[Image-caption web data]
*****

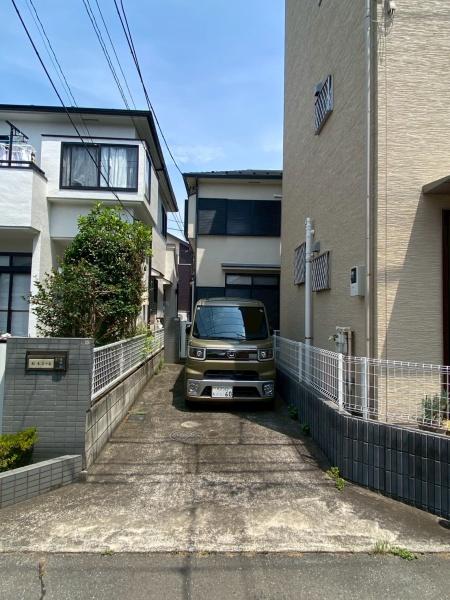 所沢市宮本町戸建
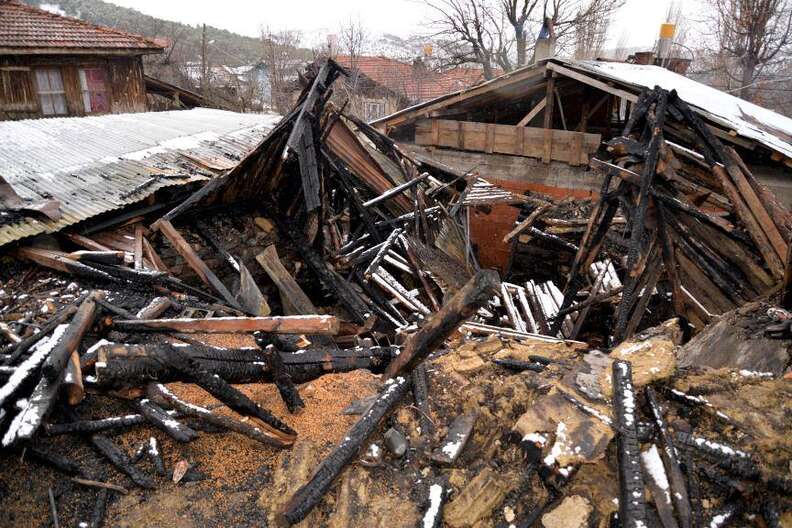 Man Shares A Heartwarming Story About How His Dog Saved His House From  Burning Down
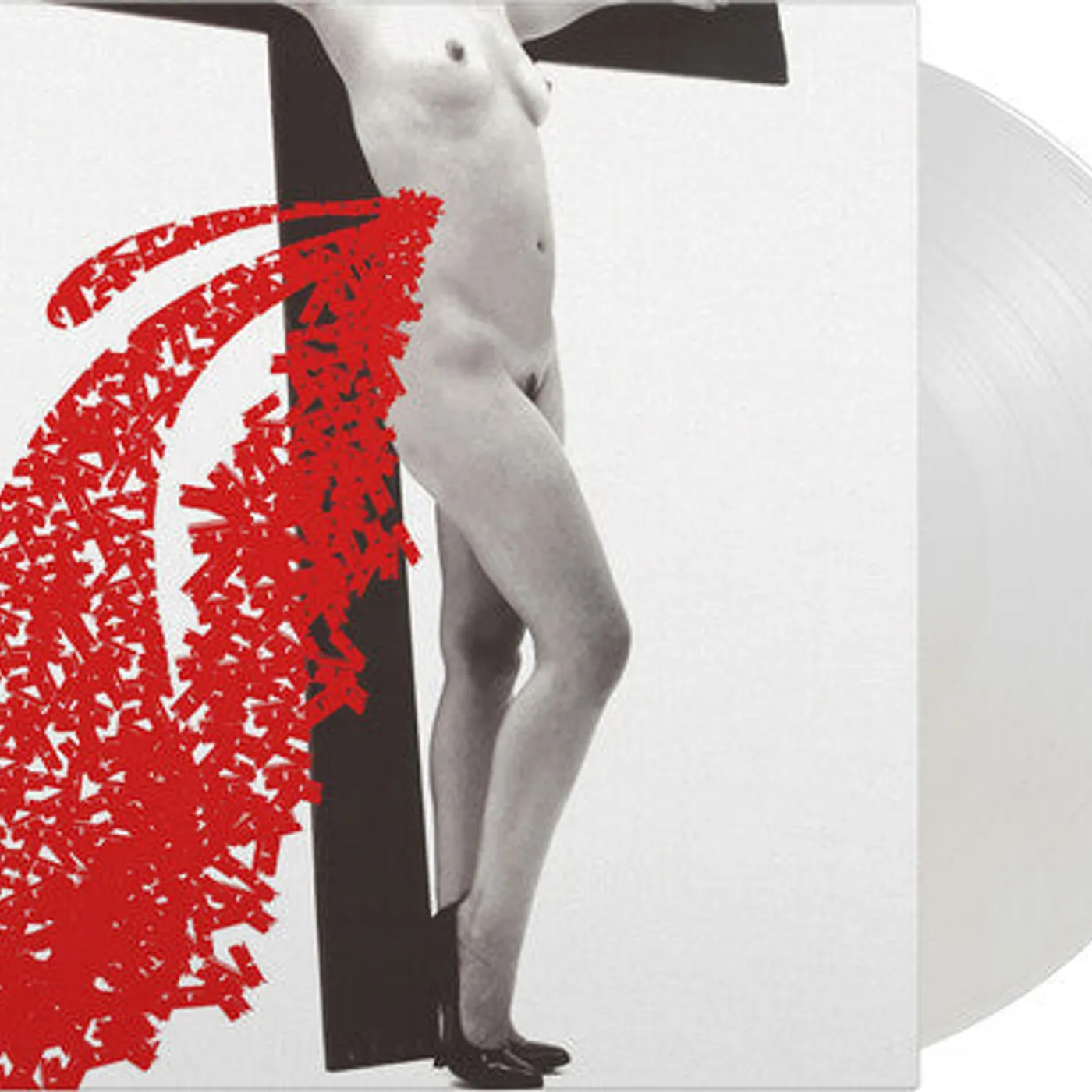 The Distillers LP Vinyl - Coral Fang (Colv) (Ltd) (Ogv) (Wht) (Hol)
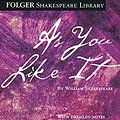 Cover Art for 9781417740949, As You Like It by William Shakespeare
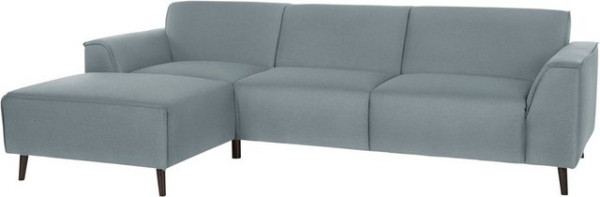 DOMO collection Ecksofa Amora, mit Federkern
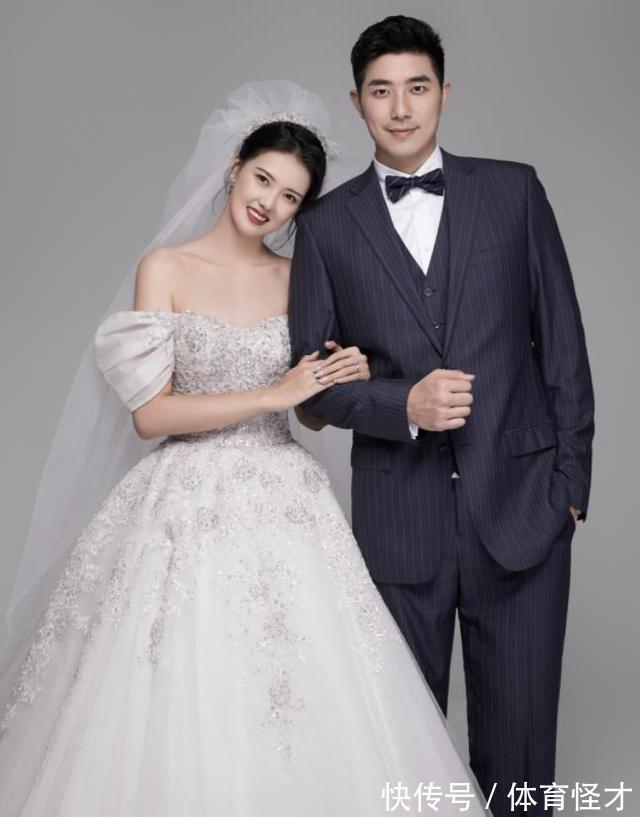 朱婷|情人节!张常宁晒出婚纱照:甜死个人!六月大婚,伴娘条件太苛刻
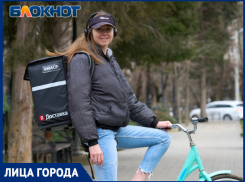 В Краснодаре блогер-курьер раскрыла тайны самой популярной профессии студентов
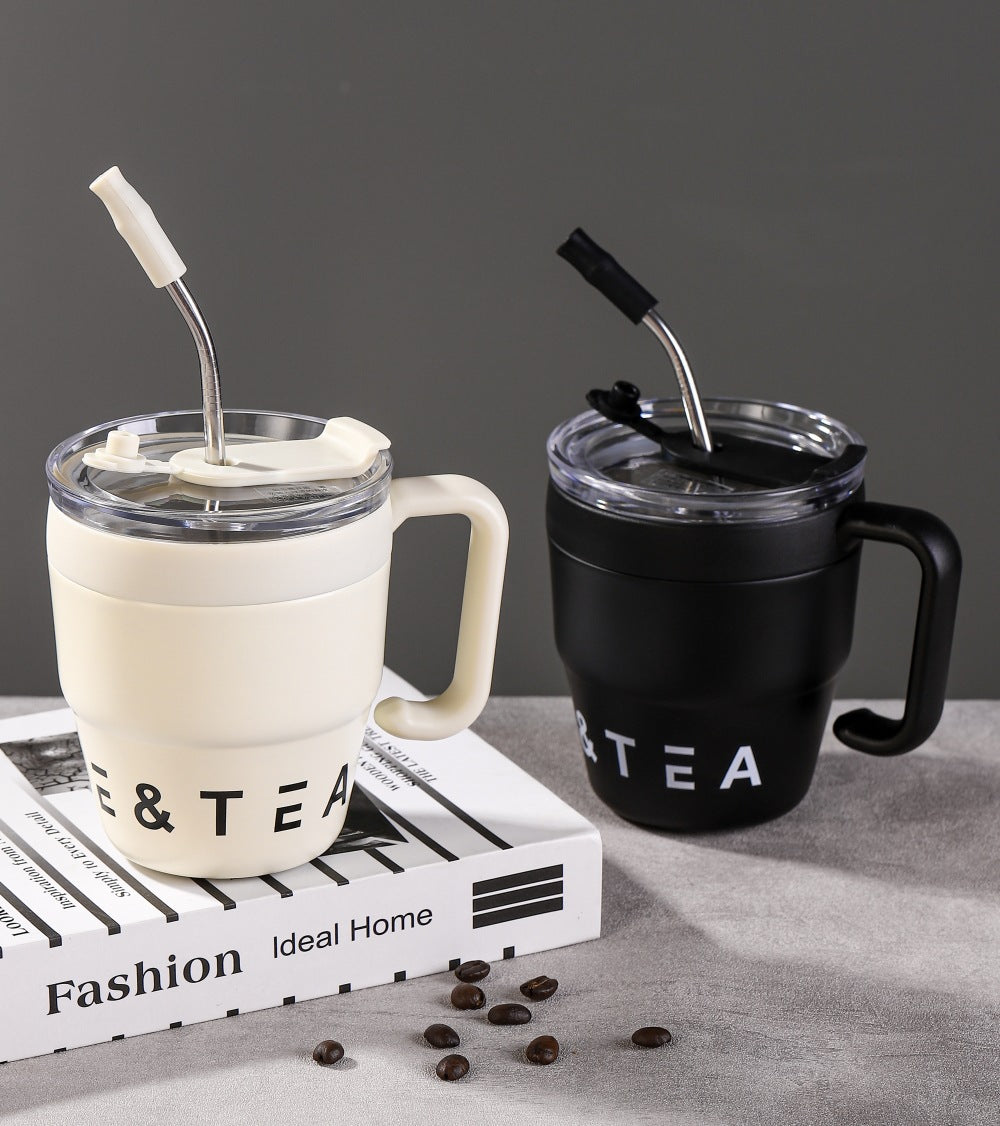 480ml Korean Style Coffee Mug (Superior Quality)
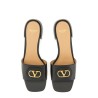 "VLOGO SIGNATURE" SANDAL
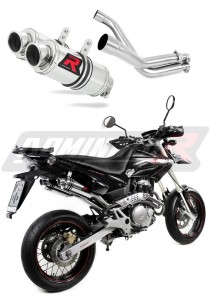 Honda FMX 650 2005 - 2009 išmetimo sistemos Duslintuvas GP1 + dB killer medium
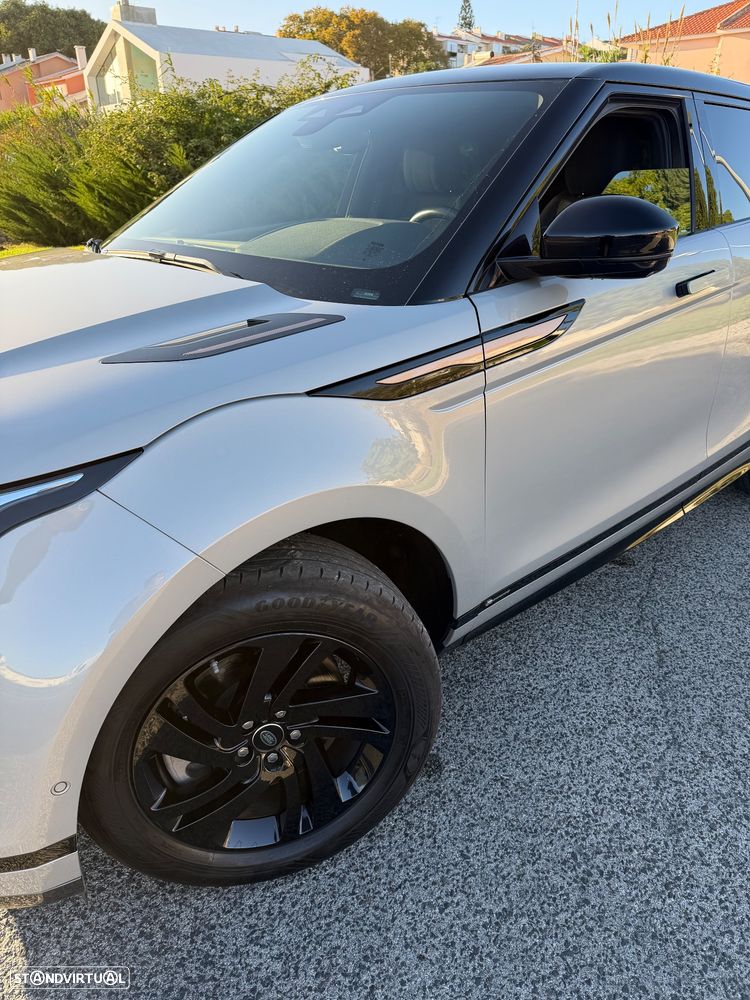 Land Rover Range Rover Evoque 2.0 D165 R-Dynamic - 2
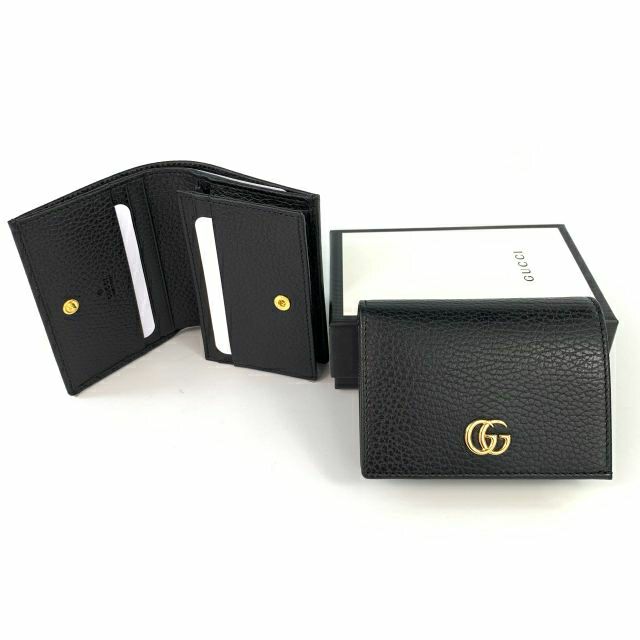 100% New Gucci mini wallet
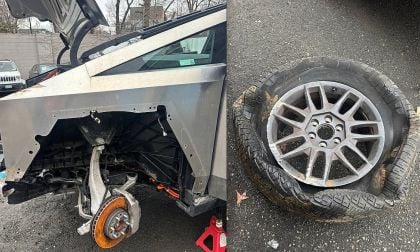 Tesla Cybertruck 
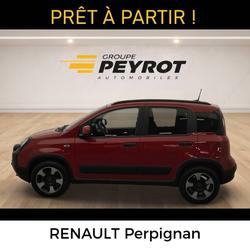 Fiat Panda 1.0 70 ch Hybrid BSG S/S Cross occasion - Perpignan - photo 3/20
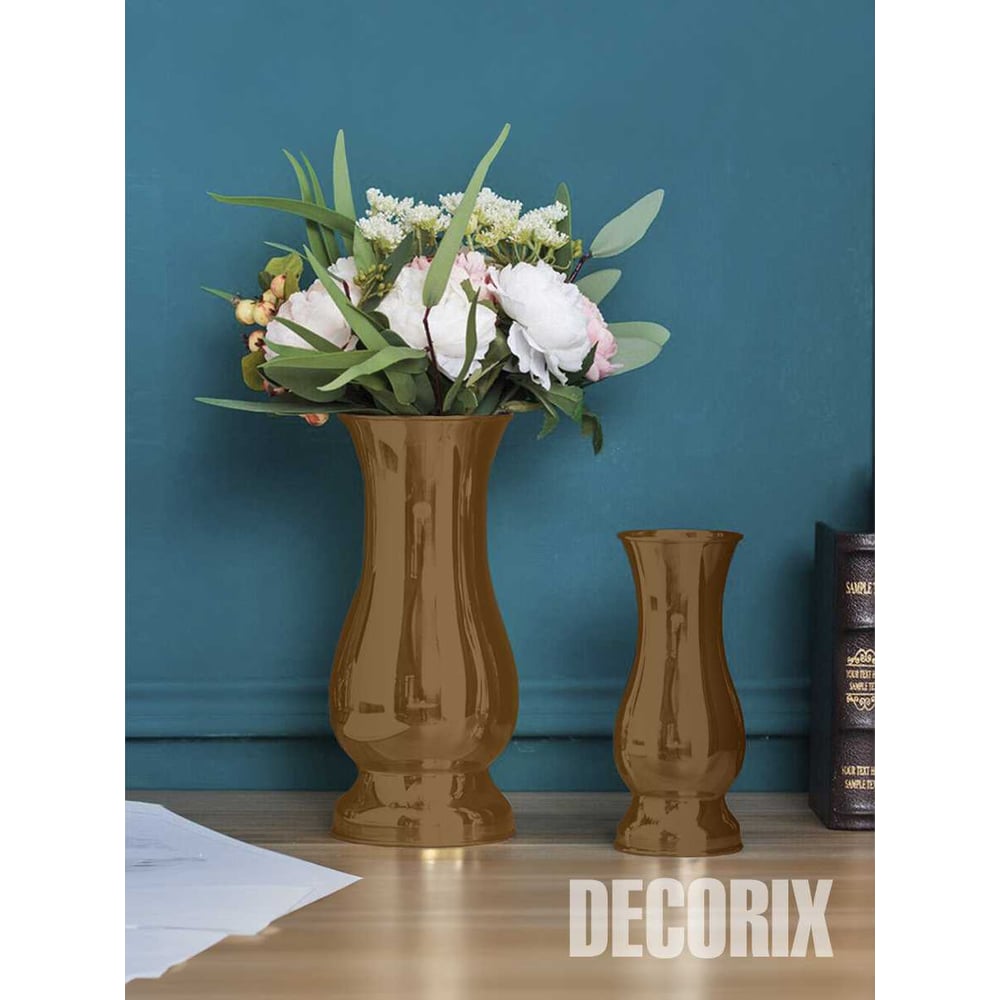 Аэрозоль Decorix металлик,медь (12шт/уп) М307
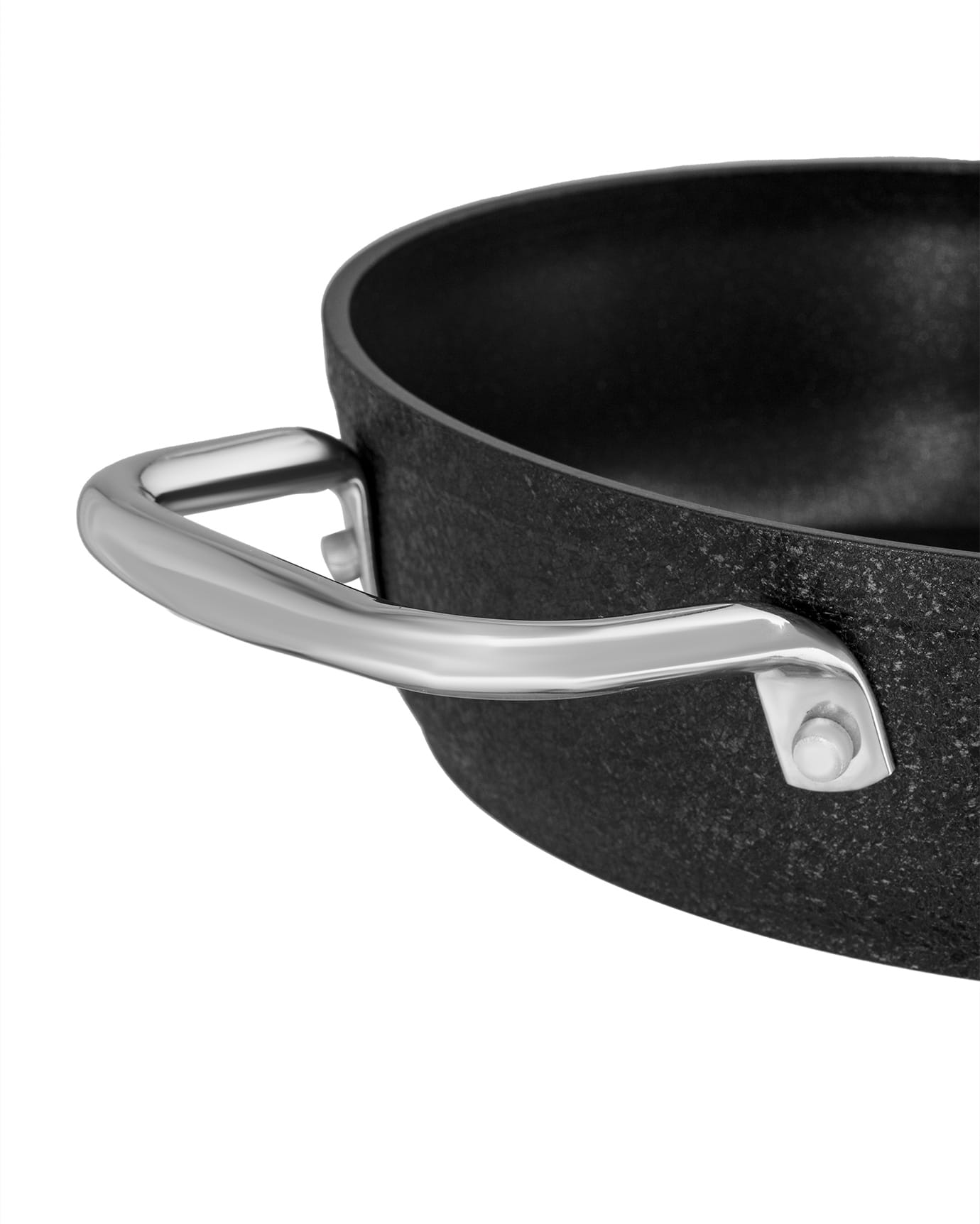 Noir Titanium Nonstick Frying Pan - 22 cm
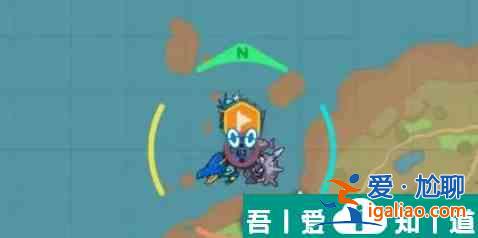 寶可夢朱紫藍(lán)之圓盤神獸在哪 具體一覽？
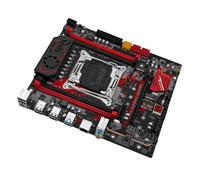 motherboard Fit For MACHINIST X99 Motherboard Set LGA 2011-3 Kit Xeon E5 2670 V3 CPU 16GB DDR4 ECC RAM Memory Nvme M.2 Sata 3.0 Wifi M-Atx RS9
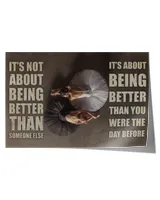 Satin Landscape Poster (36x24in)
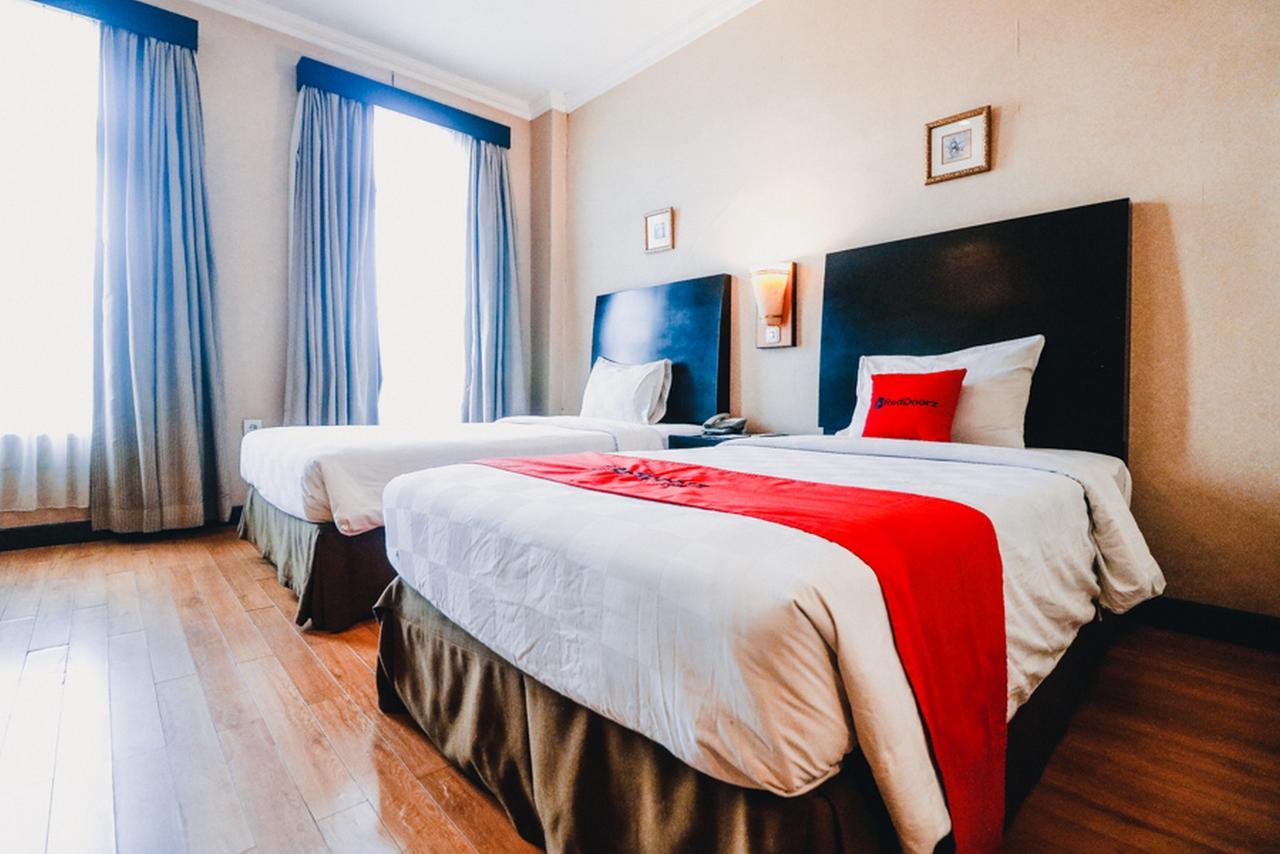Reddoorz Premium @Jalan Jendral Sudirman Palembang酒店 外观 照片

*****

*EXERCISE BRIEF*. Without the pictures, repeat the entries above line by line, from the first through the one that contains "480ml Korean Style", both ends included.

*WRITTEN RESPONSE*.
 所沢市宮本町戸建
 Man Shares A Heartwarming Story About How His Dog Saved His House From  Burning Down
 The Distillers LP Vinyl - Coral Fang (Colv) (Ltd) (Ogv) (Wht) (Hol)
 Cover Art for 9781417740949, As You Like It by William Shakespeare
 DOMO collection Ecksofa Amora, mit Federkern
 朱婷|情人节!张常宁晒出婚纱照:甜死个人!六月大婚,伴娘条件太苛刻
 В Краснодаре блогер-курьер раскрыла тайны самой популярной профессии студентов
 480ml Korean Style Coffee Mug (Superior Quality)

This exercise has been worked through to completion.